The confidentiality obligations imposed by this agreement shall remain in effect until a
designating party agrees otherwise in writing or a court orders otherwise.
IT IS SO STIPULATED, THROUGH COUNSEL OF RECORD.
DATED: November 2, 2017.
GORDON & REES LLP
By: s/ John V. Leary
Allen W. Estes, III, WSBA# 34526
John V. Leary, WSBA # 36345
701 Fifth Avenue, Suite 2100
Seattle, WA 98104
Telephone: (206) 659-5100
Attorneys for Lok Home
DATED: November 2, 2017.
TOUSLEY BRAIN STEPHENS PLLC
By: s/ James Bulthuis
Jason T. Dennett, WSBA #30686
James Bulthuis, WSBA #44089
1700 Seventh Avenue, Suite 2200
Seattle, Washington 98101
Attorneys for Jeremy LeBreton
PURSUANT TO STIPULATION, IT IS SO ORDERED.
IT IS FURTHER ORDERED that pursuant to Fed.
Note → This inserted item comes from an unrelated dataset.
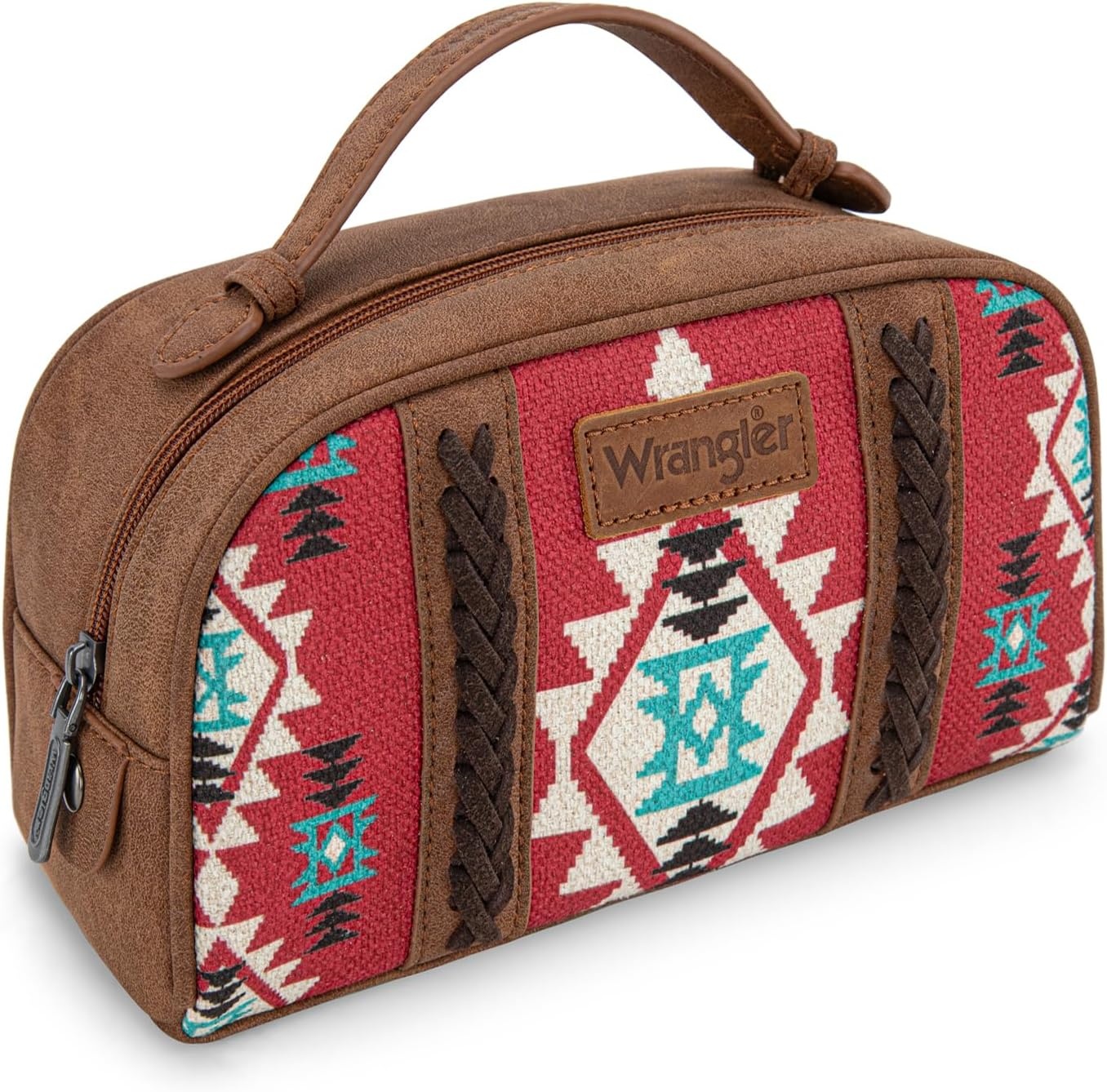 image:imageWrangler Makeup Bag Western Travel Cosmetic Bag for Women Toiletry BagDred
R. Evid. 502(d), the production of any
documents in this proceeding shall not, for the purposes of this proceeding or any other
proceeding in any other court, constitute a waiver by the producing party of any privilege
applicable to those documents, including the attorney-client privilege, attorney work-product
protection, or any other privilege or protection recognized by law.
DATED this 7th day of November 2017.
RICARDO S. MARTINEZ
CHIEF UNITED STATES DISTRICT JUDGE
ACKNOWLEDGMENT AND AGREEMENT TO BE BOUND
____________________________________ [print or type full address], declare under penalty
of perjury that I have read in its entirety and understand the Stipulated Protective Order that was
issued by the United States District Court for the Western District of Washington on _________
in the case of Lok Home v. Jeremy LeBreton and Does 1-10, U.S.D.C. for the Western District
of Washington case no.: 16-cv-1535-RSM. I agree to comply with and to be bound by all the
terms of this Stipulated Protective Order and I understand and acknowledge that failure to so
comply could expose me to sanctions and punishment in the nature of contempt. I solemnly
promise that I will not disclose in any manner any information or item that is subject to this
Stipulated Protective Order to any person or entity except in strict compliance with the provisions
of this Order.
I further agree to submit to the jurisdiction of the United States District Court for the
Western District of Washington for the purpose of enforcing the terms of this Stipulated
Protective Order, even if such enforcement proceedings occur after termination of this action.